Monday, April 02, 2007

I'm such an idiot

So, I've been really focused on John Paul the Great lately. I'm reading to my kids about him, and finding new resources to share with them as we work on notebooks about his life and his pontificate. I'm devouring his insightful play, The Jeweler's Shop, and generally feeling the enormous and immense love for him that I have felt since sometime before I entered the Catholic Church.

So, you would think that it wouldn't have surprised me to suddenly read a bunch of beautiful John Paul the Great tributes today on many of my favorite blogs, as they all commemorate the second anniversary of his death.

You would think.

But no, this is me. I can't seem to keep track of things that normal people keep track of. Like dates. And anniversaries of things that are important to me (though I always remember ours, Atticus.) I'm not very good at commemorating things that happened in the past.

You see it on a small level ... such as on this blog. I have no idea what the exact date was that I began this blog (oh, yeah, I could go back and look, but the thing is ... I don't know. It was fall-ish, 2005.) And I don't know how many posts I've put up, how many comments I've received, or exactly how long I've been doing this.
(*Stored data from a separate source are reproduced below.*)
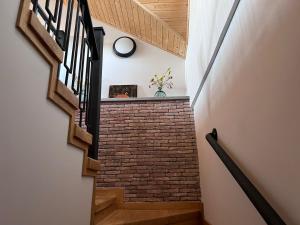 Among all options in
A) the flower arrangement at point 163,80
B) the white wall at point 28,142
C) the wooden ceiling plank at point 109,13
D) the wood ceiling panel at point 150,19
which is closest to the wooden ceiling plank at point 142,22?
the wood ceiling panel at point 150,19

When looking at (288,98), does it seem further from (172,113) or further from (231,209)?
(172,113)

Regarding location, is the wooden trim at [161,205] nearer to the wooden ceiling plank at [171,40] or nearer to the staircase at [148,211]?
the staircase at [148,211]

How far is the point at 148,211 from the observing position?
2.76m

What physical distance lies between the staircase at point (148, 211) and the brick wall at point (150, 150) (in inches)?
3.9

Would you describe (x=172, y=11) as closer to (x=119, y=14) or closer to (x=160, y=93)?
(x=119, y=14)

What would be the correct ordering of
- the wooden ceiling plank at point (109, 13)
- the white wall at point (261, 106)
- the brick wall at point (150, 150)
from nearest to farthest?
the white wall at point (261, 106), the brick wall at point (150, 150), the wooden ceiling plank at point (109, 13)

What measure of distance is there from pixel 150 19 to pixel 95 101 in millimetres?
2454

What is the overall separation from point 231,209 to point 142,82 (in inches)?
131

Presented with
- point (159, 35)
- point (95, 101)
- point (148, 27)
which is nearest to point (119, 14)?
point (148, 27)

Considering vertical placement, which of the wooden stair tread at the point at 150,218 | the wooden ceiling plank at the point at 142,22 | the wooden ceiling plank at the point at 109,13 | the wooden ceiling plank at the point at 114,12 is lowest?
the wooden stair tread at the point at 150,218

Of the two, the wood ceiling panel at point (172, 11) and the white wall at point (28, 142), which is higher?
the wood ceiling panel at point (172, 11)

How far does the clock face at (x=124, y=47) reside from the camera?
491cm

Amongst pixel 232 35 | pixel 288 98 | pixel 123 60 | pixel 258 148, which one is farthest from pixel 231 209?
pixel 123 60

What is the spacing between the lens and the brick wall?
3057mm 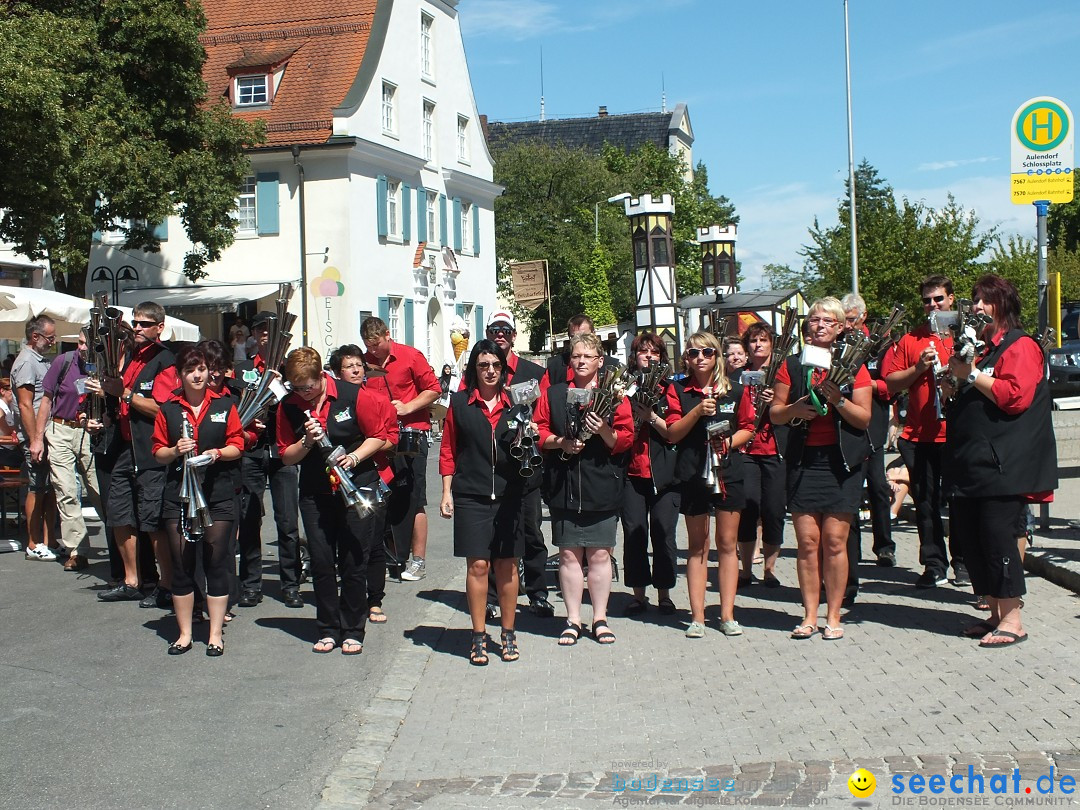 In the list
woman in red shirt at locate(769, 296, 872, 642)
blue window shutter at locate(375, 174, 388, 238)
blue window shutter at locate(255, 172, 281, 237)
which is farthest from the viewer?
blue window shutter at locate(375, 174, 388, 238)

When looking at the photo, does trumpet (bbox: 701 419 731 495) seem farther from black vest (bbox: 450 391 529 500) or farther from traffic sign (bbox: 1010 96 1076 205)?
traffic sign (bbox: 1010 96 1076 205)

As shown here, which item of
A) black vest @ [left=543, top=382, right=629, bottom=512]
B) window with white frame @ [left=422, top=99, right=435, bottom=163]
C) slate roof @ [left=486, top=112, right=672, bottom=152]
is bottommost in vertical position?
black vest @ [left=543, top=382, right=629, bottom=512]

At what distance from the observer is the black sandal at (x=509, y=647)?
757 cm

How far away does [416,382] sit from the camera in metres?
9.84

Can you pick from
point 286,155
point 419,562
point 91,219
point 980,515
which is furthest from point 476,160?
point 980,515

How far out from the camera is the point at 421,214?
40.6 m

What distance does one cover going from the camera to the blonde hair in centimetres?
812

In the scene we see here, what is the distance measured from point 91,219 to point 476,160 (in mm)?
21557

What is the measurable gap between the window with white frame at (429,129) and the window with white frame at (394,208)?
116 inches

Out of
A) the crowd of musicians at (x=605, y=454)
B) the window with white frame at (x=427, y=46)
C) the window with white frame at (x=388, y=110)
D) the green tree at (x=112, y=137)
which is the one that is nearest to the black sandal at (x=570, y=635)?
the crowd of musicians at (x=605, y=454)

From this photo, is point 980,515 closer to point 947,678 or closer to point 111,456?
point 947,678

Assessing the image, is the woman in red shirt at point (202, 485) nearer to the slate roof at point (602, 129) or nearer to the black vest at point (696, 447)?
the black vest at point (696, 447)

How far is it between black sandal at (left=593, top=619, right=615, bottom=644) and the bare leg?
30 millimetres

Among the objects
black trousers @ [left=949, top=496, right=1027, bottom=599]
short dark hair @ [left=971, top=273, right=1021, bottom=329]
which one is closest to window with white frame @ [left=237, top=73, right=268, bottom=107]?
short dark hair @ [left=971, top=273, right=1021, bottom=329] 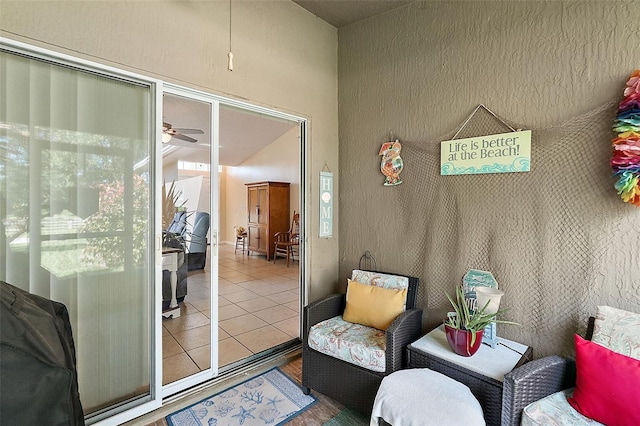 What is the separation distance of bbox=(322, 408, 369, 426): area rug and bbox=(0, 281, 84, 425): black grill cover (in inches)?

The blog just is. This writing exists now, as a part of my present, part of who I am, a part of what I do every day. I don't look back (except to dig for decent material on a day when it's all I can do to wake up, shower, drink coffee and tell you about You Tube. )

I do it in other ways, too. I can't remember what life was like before Ramona, or before Betsy and Anne. Sometimes I recall something from early in our marriage, and I think extraordinarily stupid things, like, "Gosh, how did all five of us fit into that tiny one bedroom apartment?" and then I remember that there weren't five of us because Atticus and I didn't have any children yet.

I can't remember things I should commemorate. I live in the present because most of the time, my fuzzy, caffeine-addled, mothering, homeschooling brain can't handle anything more than that. So, instead of specifics, and anniversaries and commemorations, I live in a more, ummm ... conceptual world. Yeah, that's it.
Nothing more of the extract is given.